Bexar County’s 15 independent school districts have teamed up to launch Go Public, a campaign to inspire support for local public schools and highlight the sustained, positive impact they make on students and communities every day.
With backing from trustees and business leaders, the three-year campaign will include television and radio ads plus digital and social media integration. Co-chairs are Maj. Gen. Joe Robles, CEO of USAA; Chris Nielsen, president of Toyota Motor Manufacturing Texas; and Kim Bowers, CEO of CST Brands.
“The concept of educating all people regardless of race, class or socioeconomic status is the engine that has made America a great nation and an economic power,” says Robles. “Society has asked public schools to carry a heavier load, to cut back their budgets, to pass all the tests, to feed the hungry, to minister to the sick, to be all things to all people. And you know what? They are doing a pretty amazing job. And they not only deserve our support – San Antonio’s future depends on them.”
The ads will focus on the core strengths of traditional public schools: A highly trained and experienced teaching corps, a wide variety of extracurricular activities and clubs, diversity in learning experiences and social interactions and a strong sense of community. The first television and radio ads are expected to run in January.
The website, WeGoPublic.com, features the many reasons why people should be proud of Bexar County Independent Schools. It includes “brag sheets” for all 15 districts, videos of award-winning teachers and ways people can take action and contribute to the movement. Fans can “like” the campaign on Facebook at www.facebook.com/WeGoPublic or follow on Twitter @WeGoPublic.
Collectively, the county’s school districts have a graduation rate of 90 percent, and nearly 100 percent of its teachers are “highly qualified” according to federal standards. Those teachers have an average of 12 years of experience, and 33 percent have a master’s degree or above.
“My children have had some amazing teachers who have helped inspire them, shape them and open their eyes to a larger world,” says Bowers, whose three children are currently attending or have graduated from public schools. “With Go Public, we aim to give these teachers the love and respect they deserve.”
The campaign also stresses the importance of sports and other extracurricular activities as well as learning experiences for building a student’s skill set. In 2012-13, almost 6,000 Bexar County students earned a career or technical certification. Many others attended magnet schools focused on law, theater, business and other fields. “Learning to work as a team and being part of something larger than oneself is crucial for success in life,” says Nielsen. “With learning, doing is almost always better than watching or listening. From building electric cars to marching in the school band, the variety of opportunities offered in today’s public schools is truly staggering.”

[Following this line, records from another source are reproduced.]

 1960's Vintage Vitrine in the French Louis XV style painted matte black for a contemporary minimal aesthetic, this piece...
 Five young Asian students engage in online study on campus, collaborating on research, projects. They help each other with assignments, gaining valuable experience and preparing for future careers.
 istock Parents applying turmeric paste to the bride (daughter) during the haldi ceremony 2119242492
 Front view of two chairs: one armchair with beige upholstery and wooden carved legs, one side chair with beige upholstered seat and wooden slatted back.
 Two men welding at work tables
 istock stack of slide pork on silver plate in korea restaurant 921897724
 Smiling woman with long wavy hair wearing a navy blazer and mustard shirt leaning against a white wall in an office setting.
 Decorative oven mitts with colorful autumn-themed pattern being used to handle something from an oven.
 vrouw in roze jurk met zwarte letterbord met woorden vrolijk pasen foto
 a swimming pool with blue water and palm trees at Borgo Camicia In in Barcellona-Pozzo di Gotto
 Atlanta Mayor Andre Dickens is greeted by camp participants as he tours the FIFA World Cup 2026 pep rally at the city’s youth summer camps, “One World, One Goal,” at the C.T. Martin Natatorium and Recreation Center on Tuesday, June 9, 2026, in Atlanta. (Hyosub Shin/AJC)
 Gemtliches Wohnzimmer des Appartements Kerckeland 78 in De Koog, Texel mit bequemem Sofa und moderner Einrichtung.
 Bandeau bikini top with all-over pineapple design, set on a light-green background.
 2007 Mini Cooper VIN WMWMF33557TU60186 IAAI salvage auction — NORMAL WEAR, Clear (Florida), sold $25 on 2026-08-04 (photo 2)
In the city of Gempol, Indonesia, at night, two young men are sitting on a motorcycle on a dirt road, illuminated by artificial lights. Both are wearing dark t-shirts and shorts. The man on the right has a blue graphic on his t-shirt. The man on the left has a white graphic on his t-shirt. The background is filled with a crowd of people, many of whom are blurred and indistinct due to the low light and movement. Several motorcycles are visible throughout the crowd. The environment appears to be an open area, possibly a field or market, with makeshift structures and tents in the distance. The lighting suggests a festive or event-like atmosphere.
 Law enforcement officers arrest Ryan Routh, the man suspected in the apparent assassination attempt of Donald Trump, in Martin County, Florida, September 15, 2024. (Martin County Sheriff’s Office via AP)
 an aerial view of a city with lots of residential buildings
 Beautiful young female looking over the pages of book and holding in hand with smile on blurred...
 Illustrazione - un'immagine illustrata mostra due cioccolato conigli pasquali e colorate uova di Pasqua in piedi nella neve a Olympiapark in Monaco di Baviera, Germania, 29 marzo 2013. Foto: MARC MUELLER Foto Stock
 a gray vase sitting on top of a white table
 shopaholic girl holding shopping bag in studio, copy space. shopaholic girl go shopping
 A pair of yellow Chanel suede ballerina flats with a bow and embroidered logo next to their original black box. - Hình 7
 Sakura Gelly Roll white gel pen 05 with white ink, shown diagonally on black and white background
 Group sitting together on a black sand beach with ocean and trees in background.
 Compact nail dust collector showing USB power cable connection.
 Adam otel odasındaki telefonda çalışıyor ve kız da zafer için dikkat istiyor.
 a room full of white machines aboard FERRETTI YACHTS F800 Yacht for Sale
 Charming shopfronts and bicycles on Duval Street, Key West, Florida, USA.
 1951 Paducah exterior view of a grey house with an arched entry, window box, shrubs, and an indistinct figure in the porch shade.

Bobby Blount, president of the Northside ISD Board of Trustees and president of the Bexar County School Board Coalition, said the collaborative effort among 15 districts is the first of its kind: “By pooling our resources and seeking private support, we will be able to do things that one district could never do on its own. We are excited about the possibility of creating a sustained campaign to champion our public schools.”